After three years of institutional overlap with the university, the WCSA officially closed in 1963 and the campus entered its third phase as the Morris campus of the University of Minnesota (UMM). Reflecting the expansion of accessibility to higher education then occurring across the country, the Morris campus was envisioned as a public liberal arts college—offering an affordable experience of the scale, small classes, and liberal arts curriculum of the best private colleges. UMM still serves this role today.

The establishment of UMM brought funding for new buildings by some of Minnesota’s most noted modern architects. Ralph Rapson, FAIA the Dean of the University of Minnesota’s School of Architecture, designed the Humanities-Fine Arts Building (HFA) with towers for light wells and fly-spaces evoking an Italian hill town.
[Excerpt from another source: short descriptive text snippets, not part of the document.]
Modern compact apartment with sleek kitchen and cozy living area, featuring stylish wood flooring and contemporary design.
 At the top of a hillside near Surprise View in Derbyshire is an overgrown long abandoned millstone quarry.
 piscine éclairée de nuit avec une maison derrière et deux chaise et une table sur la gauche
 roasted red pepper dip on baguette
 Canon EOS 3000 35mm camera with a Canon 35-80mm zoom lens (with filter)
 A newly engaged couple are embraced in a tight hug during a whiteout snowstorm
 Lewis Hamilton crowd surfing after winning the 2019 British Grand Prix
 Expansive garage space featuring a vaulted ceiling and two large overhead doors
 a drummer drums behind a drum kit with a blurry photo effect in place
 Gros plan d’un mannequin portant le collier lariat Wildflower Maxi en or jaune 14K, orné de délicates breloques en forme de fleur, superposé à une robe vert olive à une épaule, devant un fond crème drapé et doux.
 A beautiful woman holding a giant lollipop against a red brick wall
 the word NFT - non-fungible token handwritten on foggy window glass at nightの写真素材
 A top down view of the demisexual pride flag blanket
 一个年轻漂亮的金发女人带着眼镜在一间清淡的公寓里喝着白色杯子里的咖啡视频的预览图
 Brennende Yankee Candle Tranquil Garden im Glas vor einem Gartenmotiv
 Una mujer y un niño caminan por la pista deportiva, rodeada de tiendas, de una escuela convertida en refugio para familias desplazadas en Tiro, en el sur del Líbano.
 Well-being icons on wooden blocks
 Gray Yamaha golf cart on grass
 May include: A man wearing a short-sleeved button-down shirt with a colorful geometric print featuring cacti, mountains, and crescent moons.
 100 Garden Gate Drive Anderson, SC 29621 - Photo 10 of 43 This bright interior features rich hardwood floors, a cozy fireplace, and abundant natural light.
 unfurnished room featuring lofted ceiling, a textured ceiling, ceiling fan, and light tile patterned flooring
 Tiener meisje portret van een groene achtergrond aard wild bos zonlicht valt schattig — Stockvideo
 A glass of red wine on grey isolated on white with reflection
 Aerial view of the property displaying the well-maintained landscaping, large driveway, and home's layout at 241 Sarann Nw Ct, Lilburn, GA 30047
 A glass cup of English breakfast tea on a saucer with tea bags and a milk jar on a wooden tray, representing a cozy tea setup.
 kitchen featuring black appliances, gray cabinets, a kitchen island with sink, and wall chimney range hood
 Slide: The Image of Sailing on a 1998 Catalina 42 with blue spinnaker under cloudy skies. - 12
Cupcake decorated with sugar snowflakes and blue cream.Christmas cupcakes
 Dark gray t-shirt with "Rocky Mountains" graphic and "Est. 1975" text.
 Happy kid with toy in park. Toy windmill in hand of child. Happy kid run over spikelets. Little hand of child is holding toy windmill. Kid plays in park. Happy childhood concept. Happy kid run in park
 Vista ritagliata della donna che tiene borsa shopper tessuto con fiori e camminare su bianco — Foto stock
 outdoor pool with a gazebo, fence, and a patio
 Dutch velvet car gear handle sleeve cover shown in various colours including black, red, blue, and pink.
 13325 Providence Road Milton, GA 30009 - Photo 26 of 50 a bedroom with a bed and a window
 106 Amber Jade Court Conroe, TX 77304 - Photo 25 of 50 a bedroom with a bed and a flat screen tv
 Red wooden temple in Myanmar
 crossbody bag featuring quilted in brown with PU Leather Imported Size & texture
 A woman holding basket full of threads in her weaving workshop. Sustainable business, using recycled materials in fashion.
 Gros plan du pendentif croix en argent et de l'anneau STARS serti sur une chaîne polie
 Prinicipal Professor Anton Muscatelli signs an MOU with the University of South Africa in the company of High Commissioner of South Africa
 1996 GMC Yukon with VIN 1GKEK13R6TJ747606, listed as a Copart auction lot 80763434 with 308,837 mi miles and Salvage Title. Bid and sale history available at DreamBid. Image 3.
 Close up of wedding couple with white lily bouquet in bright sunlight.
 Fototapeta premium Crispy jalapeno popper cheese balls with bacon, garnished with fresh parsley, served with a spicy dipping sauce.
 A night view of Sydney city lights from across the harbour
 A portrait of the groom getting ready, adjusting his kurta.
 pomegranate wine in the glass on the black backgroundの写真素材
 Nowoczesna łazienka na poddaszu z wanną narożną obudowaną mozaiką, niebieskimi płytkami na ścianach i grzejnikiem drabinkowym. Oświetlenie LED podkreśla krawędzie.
The noted Minneapolis firm Cerny Associates designed the Food Service Building and a power plant with a sharply angled roof. In the early 2000s, the campus received a Campus Heritage Grant from the Getty Foundation to study its layered architectural history and its extraordinary laboratory landscape, designed for plant and windbreak research and hardiness testing.

More than a collection of buildings, the UMM campus, with its origins as agricultural high school, is a unified example of experimental horticulture and formal landscape planning in a rural setting. The Getty-funded Historic Preservation Plan now informs long-term maintenance and historic treatments for both buildings and historic landscapes.

References

Ahern, Wilbert H. “Indian Education and Bureaucracy, the School at Morris.” Minnesota History 49 (Fall 1984): 82-98.

Brochures, bulletins, reports, and miscellaneous records. 1910–1963. University of Minnesota Morris Archives. West Central Historical Research Center, University of Minnesota Morris.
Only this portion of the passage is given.